The compounds were detected with an Agilent 6550 Q-TOF mass spectrometer equipped with a jet stream electrospray ion source operating in positive or negative ion mode. The settings were kept identical between the modes with the exception of the capillary voltage. A reference interface was connected for accurate mass measurements: the reference ions purine (4 μmol/L) and HP-0921 (hexakis(1H,1H,3H-tetrafluoropropoxy)phosphazene) (1 μmol/L) were infused directly into the MS at a flow rate of 0.05 mL/min for internal calibration, and the monitored ions were purine m/z 121.05 and m/z 119.03632; HP-0921 m/z 922.0098 and m/z 966.000725 for positive and negative mode, respectively. The gas temperature was set to 150°C, the drying gas flow to 16 L/min, and the nebulizer pressure to 35 psig. The sheath gas temperature was set to 350°C and the sheath gas flow to 11 L/min. The capillary voltage was set to 4000 V in positive ion mode and 4000 V in negative ion mode. The nozzle voltage was 300 V. The fragmentor voltage was 380 V, the skimmer 45 V, and the OCT 1 RF Vpp 750 V. The collision energy was set to 0 V. The m/z range was 70–1700, and data was collected in centroid mode with an acquisition rate of 4 scans s-1 (1977 transients/spectrum).

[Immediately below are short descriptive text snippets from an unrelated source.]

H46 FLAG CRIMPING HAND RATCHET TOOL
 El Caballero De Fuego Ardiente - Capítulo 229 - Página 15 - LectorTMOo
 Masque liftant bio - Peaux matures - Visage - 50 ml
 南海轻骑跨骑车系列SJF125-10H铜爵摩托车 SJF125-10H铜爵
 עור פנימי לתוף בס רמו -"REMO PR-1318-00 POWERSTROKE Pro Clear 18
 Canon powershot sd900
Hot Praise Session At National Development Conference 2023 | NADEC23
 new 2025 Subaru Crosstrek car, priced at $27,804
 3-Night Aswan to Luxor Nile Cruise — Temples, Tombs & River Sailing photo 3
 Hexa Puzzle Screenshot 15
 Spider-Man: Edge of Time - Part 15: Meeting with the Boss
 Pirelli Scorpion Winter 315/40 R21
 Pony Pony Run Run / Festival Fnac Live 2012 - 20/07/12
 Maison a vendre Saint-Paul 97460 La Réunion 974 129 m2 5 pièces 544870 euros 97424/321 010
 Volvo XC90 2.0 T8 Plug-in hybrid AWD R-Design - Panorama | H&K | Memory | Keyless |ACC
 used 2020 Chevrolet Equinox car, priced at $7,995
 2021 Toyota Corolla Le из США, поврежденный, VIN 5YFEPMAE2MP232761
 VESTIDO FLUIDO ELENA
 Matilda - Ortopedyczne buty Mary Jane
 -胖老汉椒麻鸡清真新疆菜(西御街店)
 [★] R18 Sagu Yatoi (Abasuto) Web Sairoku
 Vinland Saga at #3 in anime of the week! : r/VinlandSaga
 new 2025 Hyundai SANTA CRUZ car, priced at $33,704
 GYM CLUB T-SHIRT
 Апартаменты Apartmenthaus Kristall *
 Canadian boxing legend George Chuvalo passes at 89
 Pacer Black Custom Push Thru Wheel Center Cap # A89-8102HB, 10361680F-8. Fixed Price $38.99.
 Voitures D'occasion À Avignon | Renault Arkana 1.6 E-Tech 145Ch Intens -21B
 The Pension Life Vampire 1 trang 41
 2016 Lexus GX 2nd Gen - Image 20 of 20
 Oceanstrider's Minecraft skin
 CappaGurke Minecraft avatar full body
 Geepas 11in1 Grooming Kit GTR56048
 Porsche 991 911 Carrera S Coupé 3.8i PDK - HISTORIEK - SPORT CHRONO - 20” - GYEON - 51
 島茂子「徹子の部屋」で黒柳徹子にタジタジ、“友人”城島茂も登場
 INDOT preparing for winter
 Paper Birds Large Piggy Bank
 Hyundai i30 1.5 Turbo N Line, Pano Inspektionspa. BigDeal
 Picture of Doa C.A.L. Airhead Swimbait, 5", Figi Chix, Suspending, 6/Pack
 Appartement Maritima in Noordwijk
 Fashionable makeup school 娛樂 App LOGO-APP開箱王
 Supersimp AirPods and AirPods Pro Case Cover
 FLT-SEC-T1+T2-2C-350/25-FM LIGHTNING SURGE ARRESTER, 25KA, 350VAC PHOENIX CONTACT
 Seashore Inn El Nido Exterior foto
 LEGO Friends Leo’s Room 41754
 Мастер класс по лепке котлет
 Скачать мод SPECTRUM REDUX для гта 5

For the LC-MS data in serum, all data processing was performed using the Agilent Masshunter Profinder version B.08.00 (Agilent Technologies, Inc). The processing was performed both in a target and an untargeted fashion. For target processing, a predefined list of metabolites commonly found in plasma and serum was searched for using the Batch Targeted feature extraction in Masshunter Profinder. An in-house LC-MS library built up by authentic standards run on the same system with the same chromatographic and mass-spectrometry settings was used for the targeted processing. The identification of the metabolites was based on MS, MS-MS, and retention-time information. For the untargeted data, the pooled quality control samples were processed using Batch Recursive Feature Extraction algorithm within Masshunter Profinder. After exporting cef-files of all processed quality control samples, the Extracted features were matched using Mass Profiler Professional 13.0 (Agilent Technologies, Inc), resulting in a combined recursion file. The recursion file was imported back into Masshunter Profinder and used for Batch Targeted Feature Extraction on all samples.

Data availability

Transcriptomic data are available on the Gene Expression Omnibus (GEO) - GSE148642. Metabolomic and miRNAomic data are available through Mendeley Data - https://doi.org/10.17632/7hc49hzzhc.1.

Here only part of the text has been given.